“What do you do when the one true thing in your life turns out to be a lie?” Lee Cuddy, the main character in Augustus Rose’s debut novel, spends the book deciding whom to trust. At 17, she steals for friends, but when the friends who’ve been benefiting from her thievery betray her, she’s sent to a juvenile detention center for a crime she ironically didn’t commit. She escapes—into the hands of a nefarious Philadelphia network of Marcel Duchamp fans, The Société Anonyme. She trusts them until she links the glassy-eyed, obliging kids from the mental ward of her detention center to Société Anoyme’s raves. To escape the Société requires all her thieving skills, navigating the Subnet (Rose’s conception of a network akin to Silk Road or 4Chan), urban exploration and her own instinct. Lee becomes an artist herself, as defined by Duchamp: “a mediumistic being who, from the labyrinth beyond time and space, seeks his own way out to a clearing.” A true heroine, Lee forges her own path and finds her own truth.
The story is structured like the Duchamp piece at its center, the elusive “Large Glass.” Like the nine bachelors in the artwork, The Readymade Thief is composed of nine books, with multiple chapters each.

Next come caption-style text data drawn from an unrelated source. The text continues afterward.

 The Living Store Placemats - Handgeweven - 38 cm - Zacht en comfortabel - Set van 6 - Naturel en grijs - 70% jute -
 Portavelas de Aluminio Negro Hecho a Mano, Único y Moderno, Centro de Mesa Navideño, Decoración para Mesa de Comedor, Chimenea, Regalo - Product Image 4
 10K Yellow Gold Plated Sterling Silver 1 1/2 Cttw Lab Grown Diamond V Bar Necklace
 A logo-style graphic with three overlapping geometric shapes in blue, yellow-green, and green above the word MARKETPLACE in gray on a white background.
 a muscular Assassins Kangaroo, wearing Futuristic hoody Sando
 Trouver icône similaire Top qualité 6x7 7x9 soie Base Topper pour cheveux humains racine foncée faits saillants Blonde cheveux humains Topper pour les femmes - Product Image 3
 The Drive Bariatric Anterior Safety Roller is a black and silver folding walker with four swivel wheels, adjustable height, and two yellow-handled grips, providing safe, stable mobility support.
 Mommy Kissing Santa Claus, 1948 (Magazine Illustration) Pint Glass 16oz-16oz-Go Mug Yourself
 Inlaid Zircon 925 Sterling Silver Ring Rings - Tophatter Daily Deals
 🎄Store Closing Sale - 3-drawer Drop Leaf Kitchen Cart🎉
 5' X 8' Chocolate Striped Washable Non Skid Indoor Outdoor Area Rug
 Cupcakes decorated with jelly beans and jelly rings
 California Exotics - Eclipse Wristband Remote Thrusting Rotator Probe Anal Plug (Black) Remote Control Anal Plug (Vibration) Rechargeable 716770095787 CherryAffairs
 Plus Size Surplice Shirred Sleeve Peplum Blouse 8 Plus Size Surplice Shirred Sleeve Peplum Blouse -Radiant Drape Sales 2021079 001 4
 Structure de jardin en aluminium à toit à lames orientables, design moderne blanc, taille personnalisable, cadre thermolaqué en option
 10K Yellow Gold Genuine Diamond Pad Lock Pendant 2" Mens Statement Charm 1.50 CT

Steadily linear in chronology, it manages to digress into quantum and philosophical exploration without losing pace. (Keep up with the discussion using the resources cited at the end.) While much of the action takes place in dark, dirty subterranean spaces, the tone is expansive; Lee’s voice soars, a testament to her male creator.
The Readymade Thief features ingenious, culture-altering teens resembling another recent debut novel, Rules for Werewolves by Kirk Lynn. Rose’s work entertains as well as invites us to think and imagine, as though we’re part of the conceit.